Luka Rejec has an interesting post on “quantum characters” as a solution to the character-customization-vs-speed-of-creation conundrum. Basically, the idea is that you can have mechanically complex characters and still get started quickly if you just sketch out a general concept at start of play, and only define the granular bits and bobs when they come up in play.

This method is explicitly called out in Fate, though it is not the “default.” It’s my preferred Fate character creation method, though. However, I’ve never seen it employed in any other ttrpg. Does anyone know of other ttrpgs that officially support “quantum” character creation, or have you used the method as a tool in systems that don’t officially endorse it?

4 Likes

In Leverage, you only come up with a few things at first and the rest you decide as you go. You’re able to get started in a few minutes.

I’ve also used it in systems where we’ve played Troupe Style and the players pick characters at the start of each session. It’s important that they know the system but a lot of times, you can slot things in as they go.

1 Like

These days I tend to run pbta games somewhat in this vein. At least with things like playbook move choices - just choose it when you want to use it. I might even try that when making Stat Modifier choices too.

4 Likes

I’d be interested in trying a quantum approach to character creation in Freebooters on the Frontier. One of my system concerns with that game is that, for a game with relatively high lethality, it’s a bit time-intensive to create a character (at least, seemingly moreso than DW). Though I suppose @jasonlutes may have different insight into that. Maybe he’d be interested in incorporating “quantum characters” as an explicit option in 2e?

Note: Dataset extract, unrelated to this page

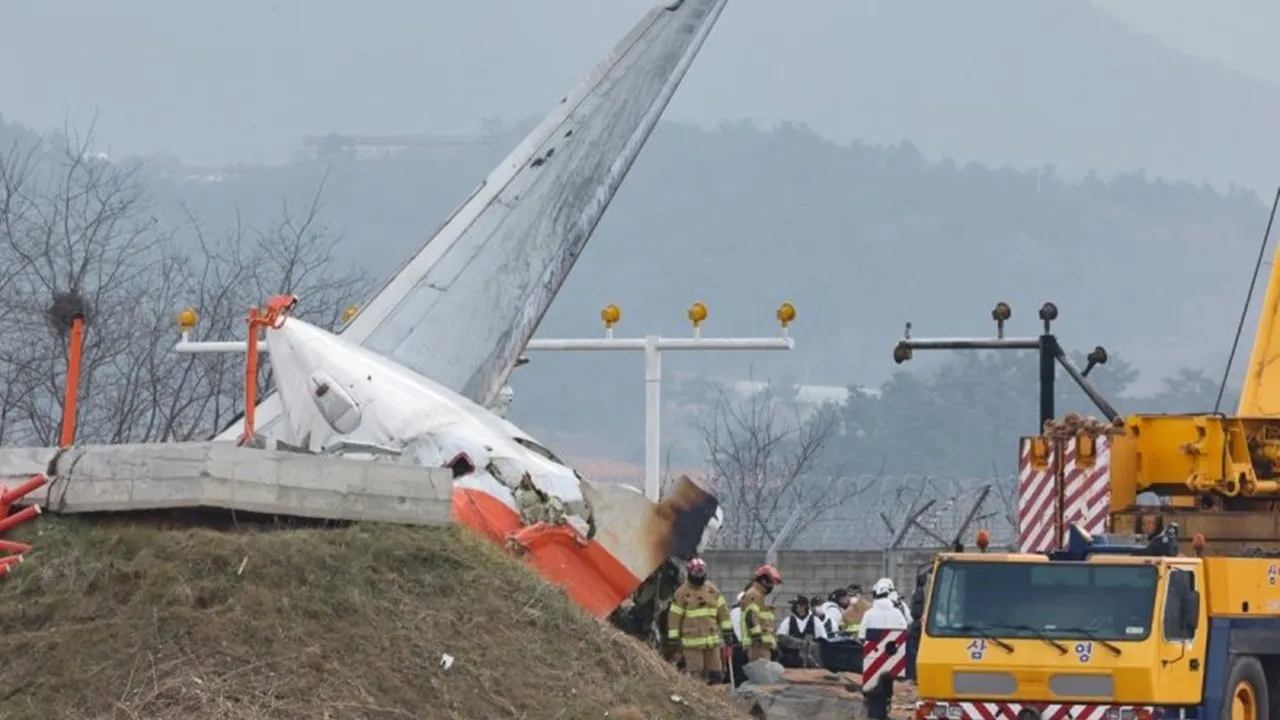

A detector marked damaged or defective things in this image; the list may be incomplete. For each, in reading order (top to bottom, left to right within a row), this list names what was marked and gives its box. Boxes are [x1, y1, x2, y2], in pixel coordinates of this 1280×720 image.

crashed airplane [0, 0, 728, 620]
crashed airplane [215, 0, 724, 438]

Certainly the wilderness and dungeon exploration mechanics are “quantum”-oriented. Seems in line with design intent to extend the idea to characters.

4 Likes

I totally agree with you on the point that any game that has a high probability of character churn needs to have a quicker chargen experience. I’ve seen a few OSR-ish systems that don’t do this and it kinda grinds my gears.

3 Likes

Reading the article, I think this is the kind of thing the move Spout Lore does really well in Dungeon World. It also reminds me of using Flashbacks in Blades In The Dark.

Blades encourages you to do this. You’re meant to let your character develop in play (though in my experience players struggle to actually follow that advice, perhaps because the character gen system encourages them to think about their character’s background).

Blades encourages you to do character creation on the fly?

Ha, possibly I misread the OP. It encourages you to create your character’s personality and (to some extent) background on the fly. But not the stats, no.

Yeah, Luka suggests not even deciding on a character class/playbook until it becomes relevant in play.

I could see incorporating quantum characters into the “Advanced Freebooters” book of house rules, for sure. I might try to playtest that soon in my home game. Thanks for the suggestion.

FWIW, when a PC dies in Freebooters, it doesn’t take that long to roll up a new character. Almost everything about a new PC is generated randomly (class, heritage, alignment, traits, 7 ability scores, starting gear, starting silver). The only player deliberation is in how to spend starting cash. It’s never caused a significant delay in our home games, and people are usually excited by the process because they have no idea what kind of character they’re going to end up with. But of course I am biased!

That being said, Freebooters is intentionally designed to be played at a slightly slower, more deliberate pace than most PbtA games.

Vampire the Masquerade v5 has this as an option. It actually lists it before the ‘normal’ method of a lengthy character-creation-focused session zero.

2 Likes

Check out the dungeon crawl classics scratch off character sheets. Pre-made level 0 characters that you scratch off a Stat on when you need it. Doesn’t get any more quantum than that!

1 Like

I’ve seen one or two point-allocation / choose-your-skills games where you either don’t make all your choices before playing your first session, or can change your mind during your first session.

Quantum characters are essentially the default in freeform larp, where you’re given the bare minimum to get started and often learn who you are as you and your partners make choices during play. (And that’s the rule in improv.)

The long-running homebrew game I played in back in the ’90s had skill point mechanics (at first, before we switched to Over the Edge), and each PC had a few points of something we called “Didn’t I mention…?” which could be spent in play to give yourself a skill you hadn’t bought in pre-play character creation. I think the inspiration for it partly came out of discussions in Alarums & Excursions, and maybe partly out of jokes we made about how Wolverine in the X-Men always seemed to be sprouting new bits of character history he hadn’t told anyone about before.